Building Block 2: Redispatch From Coal to Gas
As many suspected, EPA imposes a carbon price in their IPM to get the redispatch they view as feasible (70% capacity factor at existing NGCC units). The tax is between $30 and $33 per ton of CO2. Note this is done after applying the demand reductions envisioned in Building Block 4 but not the renewable and nuclear generation envisioned in Building Block 3 (see below). There are 10% cost-savings when compliance is regional rather than state-by-state—smaller than I would have thought. EPA doesn’t break out state-by-state impacts. One could easily imagine that there will be holdouts because a regional approach creates costs for them (see, for example, Bonneville Power). On the other hand, not having to deal with leakage issues may push states toward a regional approach.
Building Block 3: Build Renewables, Keep Nuclear
The IPM, when forced with the carbon tax produces only about 20 GW of additional renewables by 2020 and only 6 GW more by 2030 than the reference case. The effect of the carbon price is to accelerate deployment, not increase total capacity added by 2030. That means EPA must do something else to reach its targets.

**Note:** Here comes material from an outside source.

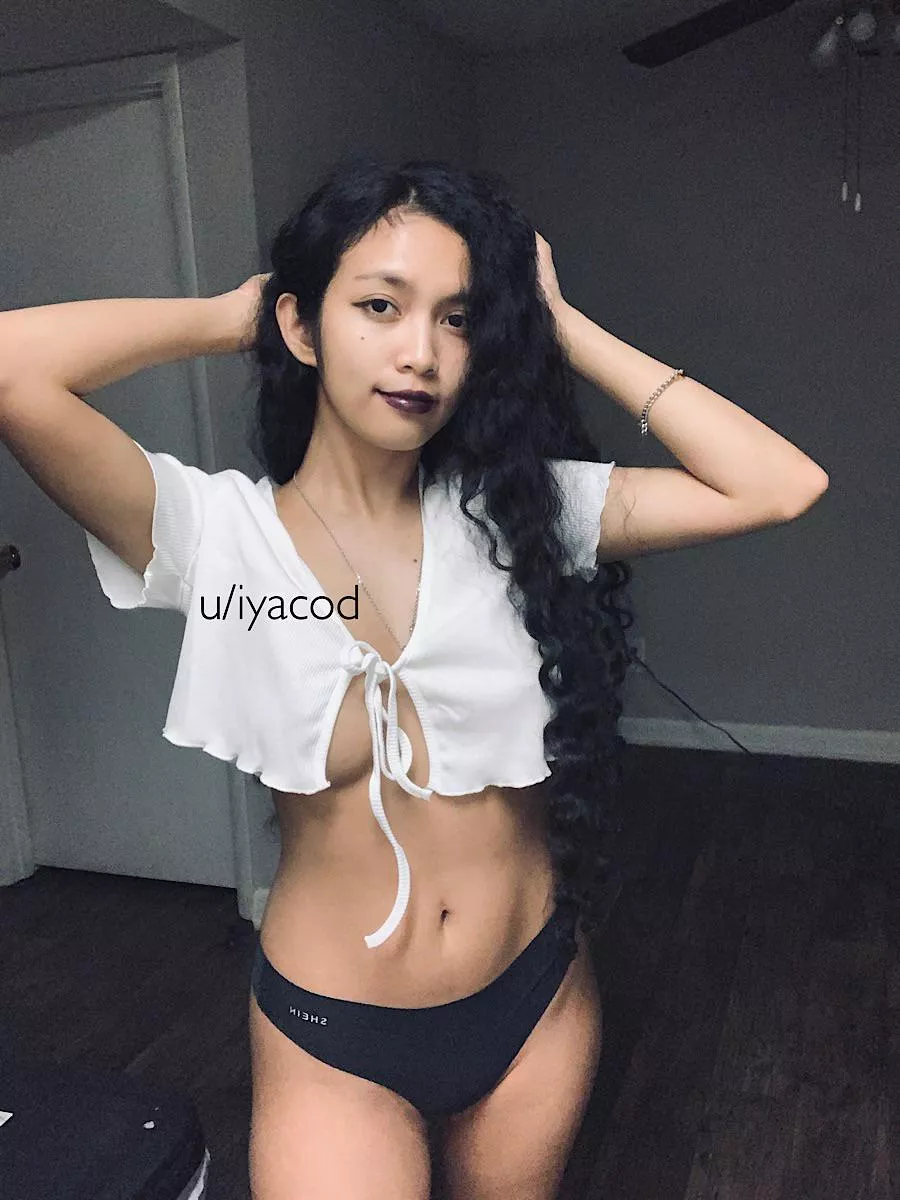 Wearing dark lipstick tonight [F] posted by iyacod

For renewables, EPA calculates regional targets based on current renewable portfolio standards and assigns to each state an obligation to hit their share of the renewable energy target. The regional targets vary between 10 and 25%. Some states have already hit their targets and others are on track to do so early. EPA doesn’t supply a carbon price for these policies. Presumably it would be higher than $30 per ton or else the IPM would be building a lot more renewable generation in the policy scenario (It’s also possible – even very likely—that the cost assumptions for renewables are too high in IPM).
For nuclear, EPA estimates that keeping the approximately 6 GW of existing capacity that the Energy Information Agency (EIA) has characterized as “at risk” would cost $12–17 per ton. This is consistent with economic analyses of new units at the Vogtle plant in Georgia that assume it is in the money at carbon prices of $10–20 per ton. There’s no discussion of how relicensing and expiration of second licenses for existing units plays into this calculation—I’m sure that there are at least some units whose second 20-year license will expire in the 2020s but I’m not sure how many. My guess is that 6 GW of at-risk nuclear is a serious underestimate, particularly when combined with the level of other renewables assumed in EPA’s targets.

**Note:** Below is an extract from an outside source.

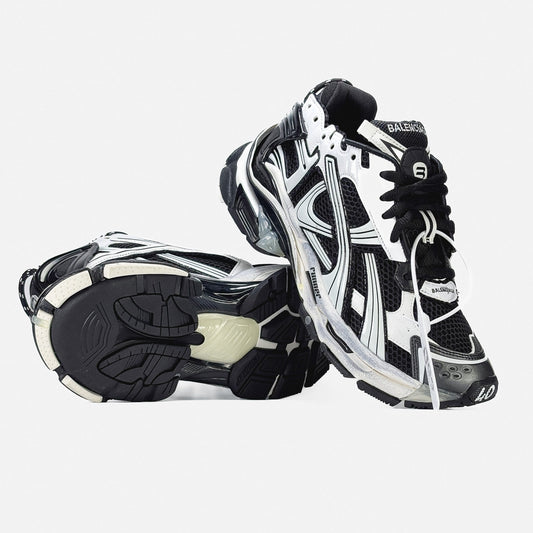 Balenciaga Runner Black/White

Remember that neither the additional renewables or preserved nuclear is integrated into their dispatch model and so doesn’t take account of electricity market equilibrium effects. It would be interesting to see how many of the nuclear units remain operational in IPM if the model is forced to implement the renewables target without some sort of explicit carbon price. Given that the rule allows but doesn’t require cap-and-trade for compliance, this is a real possibility.

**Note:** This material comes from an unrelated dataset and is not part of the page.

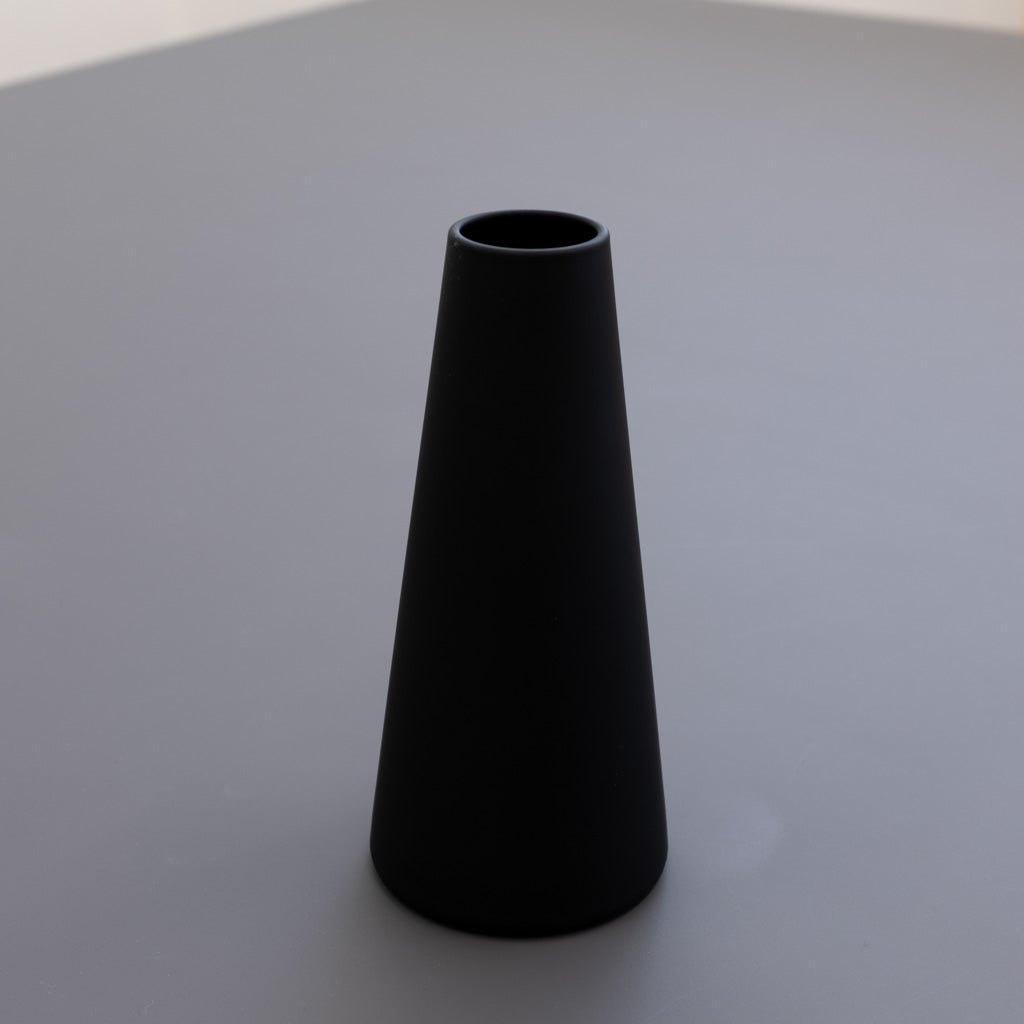 Sugahara - Matte Black Flower Vase (F - 40KF) | Tortoise General Store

Building Block 4: Energy Efficiency.
EPA takes the EIA electricity demand forecast (about 1% annual growth) and then modifies it on a state-by-state basis by adding in a reduction factor to account for demand-side efficiency programs. The assumed levelized cost of this program is 8–10₵ per kwh. Interestingly, this may be higher than for distributed generation on the timescale of the rule. Marginal abatement cost is estimated by using IPM output for reference and policy cases and comparing that to program costs and estimated energy savings. The bottom line number is $18–24 per ton of CO2. EPA uses the EIA’s AEO as its reference demand forecast. This is likely to inflate the baseline for a variety of reasons. Also, EPA relies on questionable (albeit improving) EIA utility self-reported data to estimate the effectiveness of efficiency programs.
A lot of this information is in the GHG Abatement Measures TSD.
To me, this whole thing is reminiscent of California—lots of shadow carbon prices that are higher and lower than the visible power sector price that’s driving the cost-effective abatement strategy—redispatch. And it makes a fantastic argument for legislative action to implement a simpler and more cost-effective policy. Why can’t we just have a carbon tax and cut my FICA withholding already?